#### WHAT YOU WILL DO:
Since the pictures are not wanted, retype the listing below exactly and without them.

#### RECORD SET:

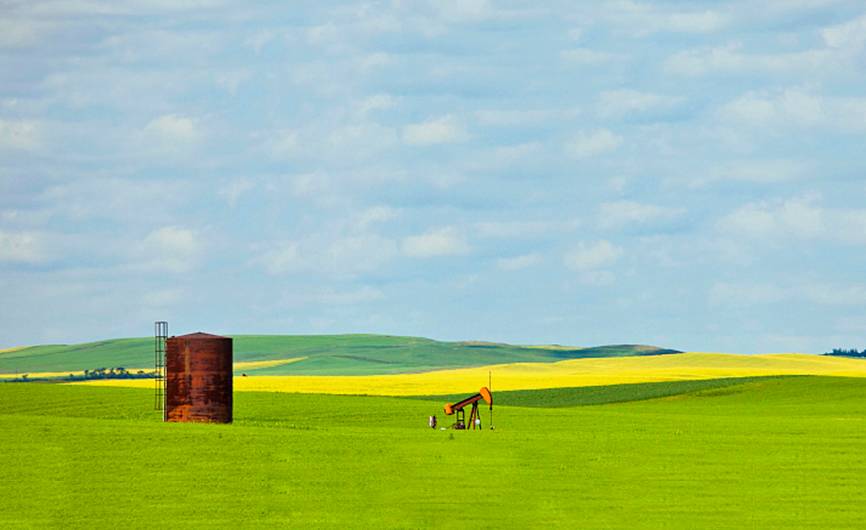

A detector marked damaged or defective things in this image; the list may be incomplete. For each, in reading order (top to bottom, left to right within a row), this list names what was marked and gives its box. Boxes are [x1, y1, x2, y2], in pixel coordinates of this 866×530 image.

rusty storage tank [164, 330, 231, 420]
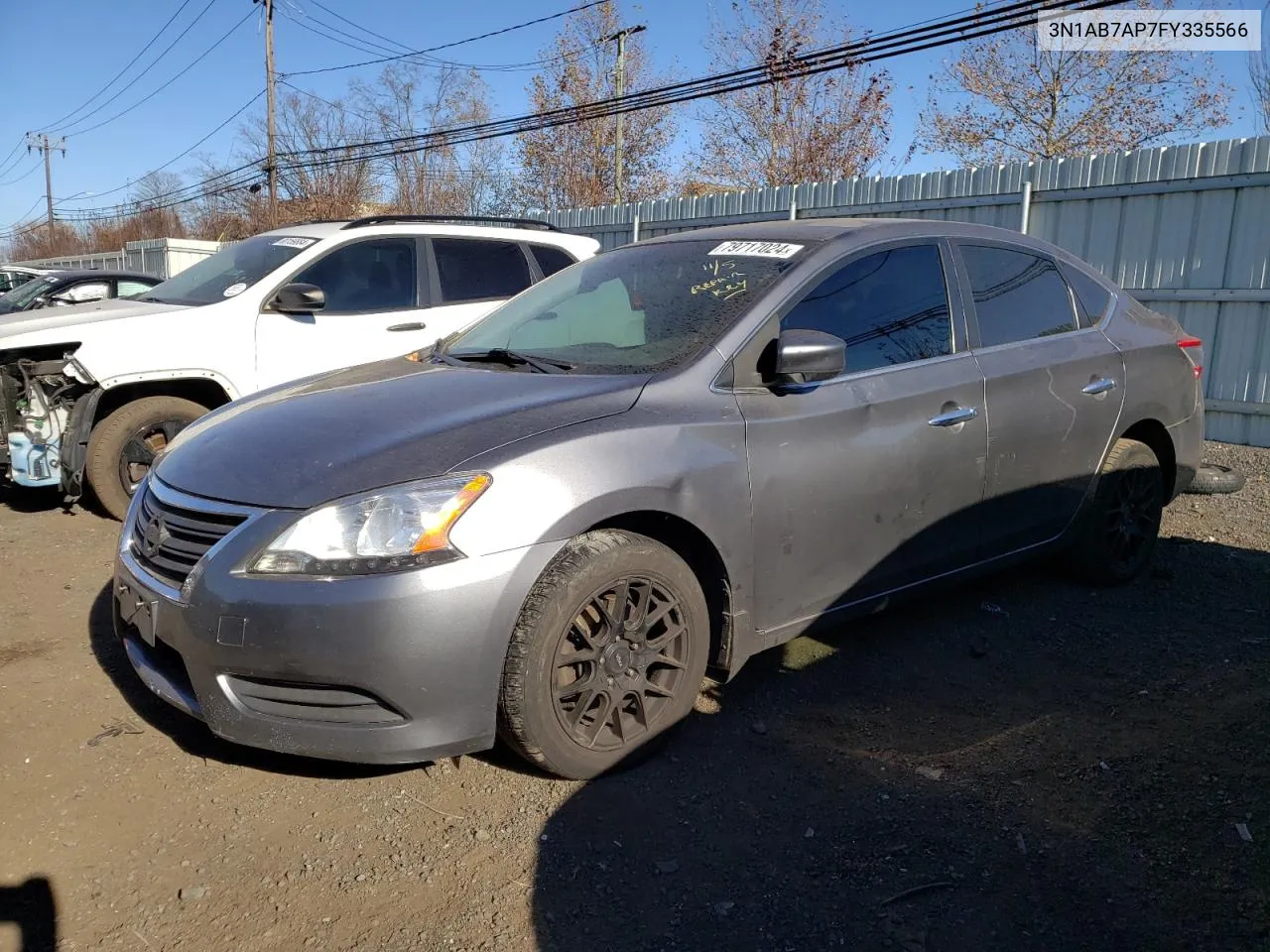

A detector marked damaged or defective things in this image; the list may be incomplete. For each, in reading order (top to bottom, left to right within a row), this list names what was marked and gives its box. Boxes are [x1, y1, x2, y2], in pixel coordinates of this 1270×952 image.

damaged vehicle [0, 215, 599, 516]
damaged vehicle [109, 219, 1199, 777]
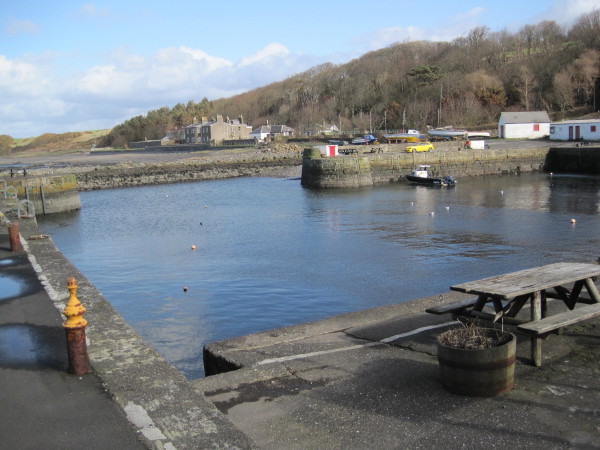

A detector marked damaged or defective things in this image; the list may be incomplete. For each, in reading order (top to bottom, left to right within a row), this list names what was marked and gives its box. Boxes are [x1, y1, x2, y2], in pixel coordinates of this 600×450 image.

rusty bollard [64, 276, 92, 374]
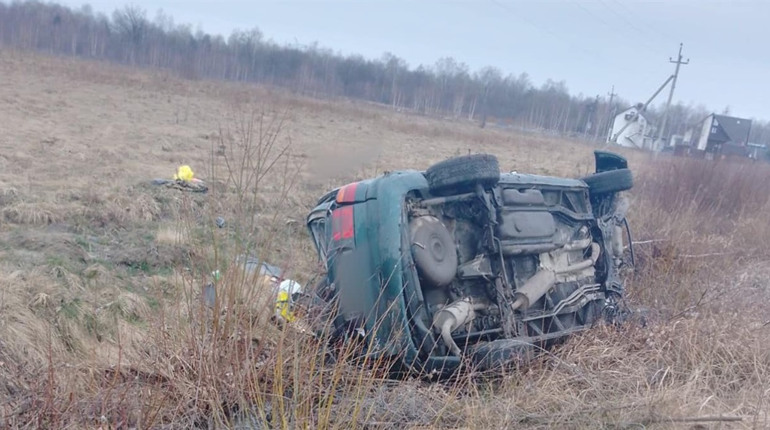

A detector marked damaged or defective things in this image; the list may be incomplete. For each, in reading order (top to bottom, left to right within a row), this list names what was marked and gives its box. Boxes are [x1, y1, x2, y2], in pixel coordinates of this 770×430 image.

overturned green car [304, 151, 632, 372]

#### EXPECTED ANSWER:
A detector marked damaged or defective things in this image; the list may be incomplete. For each, in reading order (top to bottom, left to right within a row), this list names what was marked and gives its box. Boxes are [x1, y1, x2, y2], in pixel coordinates of this 866×530 image.

rusty storage tank [164, 330, 231, 420]

A detector marked damaged or defective things in this image; the list may be incomplete. For each, in reading order (top to bottom, left to right within a row), this list names what was marked and gives its box. Boxes are [x1, y1, x2, y2], in pixel coordinates of this 1270×952 image.

damaged vehicle [0, 215, 599, 516]
damaged vehicle [109, 219, 1199, 777]

A detector marked damaged or defective things in this image; the list may be incomplete. For each, in reading order (top to bottom, left to right within a row), this list names what was marked and gives its box. Boxes are [x1, y1, x2, y2], in pixel coordinates of this 600×450 image.

rusty bollard [64, 276, 92, 374]

A detector marked damaged or defective things in this image; the list may be incomplete. For each, in reading order (top to bottom, left to right within a row), this list names what was marked and gives its box. Boxes are [x1, y1, x2, y2], in pixel coordinates of this 770×430 image.

overturned green car [304, 151, 632, 372]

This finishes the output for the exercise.